Human-driven copy-paste spam

jsha · September 14, 2018, 6:36pm

Hi all! I run the forum at https://community.letsencrypt.org/, and have found Discourse to be a huge win over the years. Our forum is so critical to our success.

However, we’ve noticed a new pattern of spam. People will sign up and post comments that seem really legit, then hours later they will edit those comments to add links to sites they are trying to report. When we dig into these, it turns out the “legit” comments were copy-pasted from other threads, or from our GitHub issues page. If you’re Discourse staff, you can read our thread about it (note: It’s in our Lounge, so others won’t be able to see it). As far as I can tell, this form of spam appears to be driven by real humans.

I’m curious, has anyone else been seeing this form of spam? Any ideas about countermeasures, other than flagging? One member of my forum suggested it would be helpful to have a feed of posts that were edited after posting, or particularly posts that were edited to add links.

pfaffman · September 14, 2018, 7:06pm

I think what you should do is change min trust to edit post. The default is zero, so you might bump it up to 1.

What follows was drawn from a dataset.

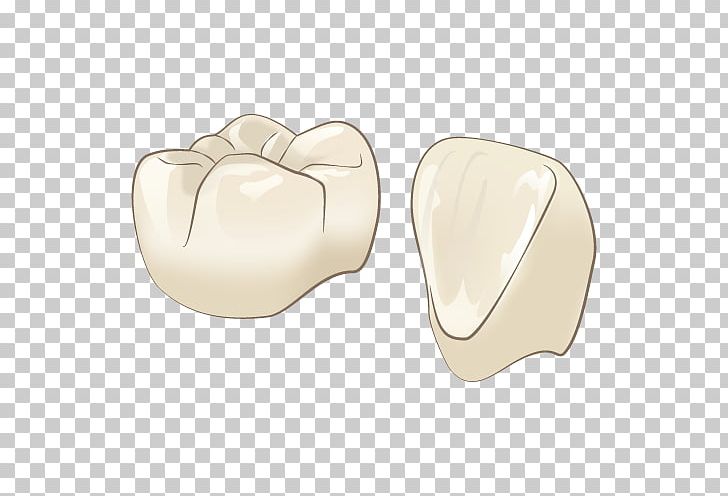 Dentistry Therapy 審美歯科 Tooth PNG, Clipart, Beige, Dental Implant, Dentist, Dentistry, Health Free PNG Download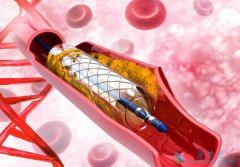 ʲô������֧�� �����ļ������ȴ���ļ�����Ҫ������֧�ܵ�����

codinghorror · September 14, 2018, 7:31pm

This is indeed something to keep an eye out for. Bear in mind we made a few changes to address this, so here’s what I recommend in order of priority:

thanks to @sam, edits of more than {x} characters to a post now always force a full post revision, so there is no normal grace period for editing when the edit is particularly large. The site setting is editing grace period max diff and it defaults to 100 characters. You can try setting this lower.
you can reduce the total amount of time posts are eligible for editing by users, post edit time limit defaults to 86400 which is 60 days. If the users are coming back hours later you could reduce this to say 30 minutes.
you can make the editing grace period setting shorter, it defaults to 300 seconds or 5 minutes.

As a very last resort, you can also disallow lower trust levels from editing their posts altogether as @pfaffman indicated, but I’d adjust the other settings first and only resort to that if there are continued problems.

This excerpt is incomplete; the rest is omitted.